One of the key questions I look to address in my research is that of why the black holes at the centres of some galaxies are actively feeding on matter (an active galactic nucleus, AGN for short) and why some aren’t. We know of multiple mechanisms that can trigger an AGN, from high-impact galaxy mergers to secular processes such as feeding on the matter ejected from stars over the course of their lives. However, not all AGN are created equal, and many of these objects, whilst active, are only barely so. While more powerful AGN are having a steak dinner, these weaker variants are merely snacking.
The processes that initiate these weak AGN may be different to those that fuel their more powerful cousins or simply a scaled down version of the same mechanisms. For example, we know that the collision of two similar sized galaxies (known as a major merger) can trigger an AGN. Then a minor merger, where a small galaxy collides with a much more massive one, may provide less fuel for an AGN, resulting in one of these weak AGN. This is exactly the question we investigate in our latest paper.
In order to test whether minor mergers are a factor in triggering weak AGN, high quality, deep observations are needed to look for very faint merger signatures in a sample of these galaxies. To conduct our analysis we made use of the Dark Energy Camera Legacy Survey (DECaLS). This survey not only provides the deep, high quality imaging necessary for looking for minor galactic mergers (and is far improved in this regard than previous wide-field imaging surveys, see figure below), but is also the latest survey being put to the galaxy zoo volunteers to obtain reliable galaxy morphologies.
A control sample of galaxies that don’t host an AGN is required, so that we can compare the fractions of weak AGN and non-AGN experiencing mergers, i.e. are mergers more frequently associated with these AGN or not? In order to control against other variables that could impact your results here, reliable morphological information is a valuable asset.

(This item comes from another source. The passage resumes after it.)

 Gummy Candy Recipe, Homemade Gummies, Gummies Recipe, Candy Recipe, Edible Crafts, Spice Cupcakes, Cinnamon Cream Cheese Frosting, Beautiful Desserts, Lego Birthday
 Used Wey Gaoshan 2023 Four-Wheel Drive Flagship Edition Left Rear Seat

For instance, spiral galaxies have a delicate structure that can be disrupted by galaxy mergers, and the presence of this morphology in a merging system can provide information about the scale or timeline of the event. One can hence see the potential for elliptical galaxies to be more likely to exhibit the tidal disturbances than their more delicate spiral counterparts.

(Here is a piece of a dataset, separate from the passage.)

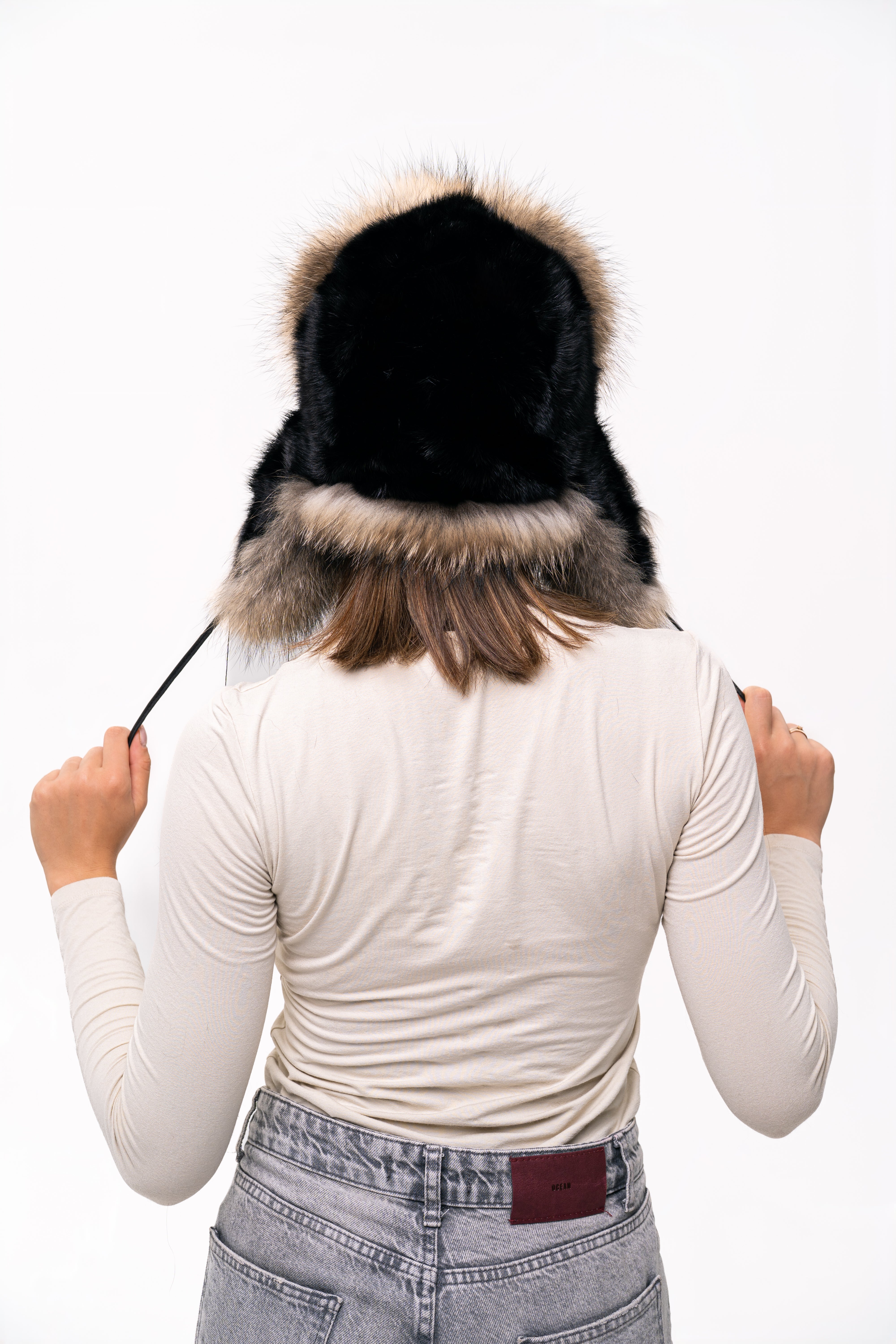Raccoon & Mink Fur Hat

This kind of project wouldn’t be possible without the contributions of the many Galaxy Zoo volunteers providing morphological classifications on hundreds of thousands of galaxies.
When we compare the merger rates and the merger scales in both the weak AGN and the non-AGN control sample we found a couple of compelling results.
Firstly, we found that the fraction of both these samples experiencing minor mergers was about the same. This is interesting as it shows that minor mergers, which had long thought to be a potential trigger for these weak AGN, are not involved initiating weak activity of the central black hole in a galaxy.
Secondly, we found that for the least massive of these weak AGN, major mergers were significantly more common than in non-AGN. This is an unexpected result, as such major mergers might provide so much gas that any resulting AGN might be expected to be fairly powerful. Furthermore, previous research hadn’t shown any substantial evidence of this, so why are we seeing such an effect? Well, whilst major mergers are more common in these weak AGN, they still only represent a minority of the weak AGN population (~10%), and are thus not typical of the main population of weak AGN. One intriguing possibility is that these particular objects may actually be the early stages of more powerful AGN, and that as the merger progresses, and more gas falls into the galactic nucleus, the AGN will have more fuel to feed on and become a more powerful AGN. Further research is required to investigate such a hypothesis.
This kind of project wouldn’t be possible without the contributions of the many Galaxy Zoo volunteers providing morphological classifications on hundreds of thousands of galaxies. In this case, as is so frequent in research, not only have we answered a question about the evolution of these galaxies, but we have been presented with another.
Please keep up the great work, it really makes a difference.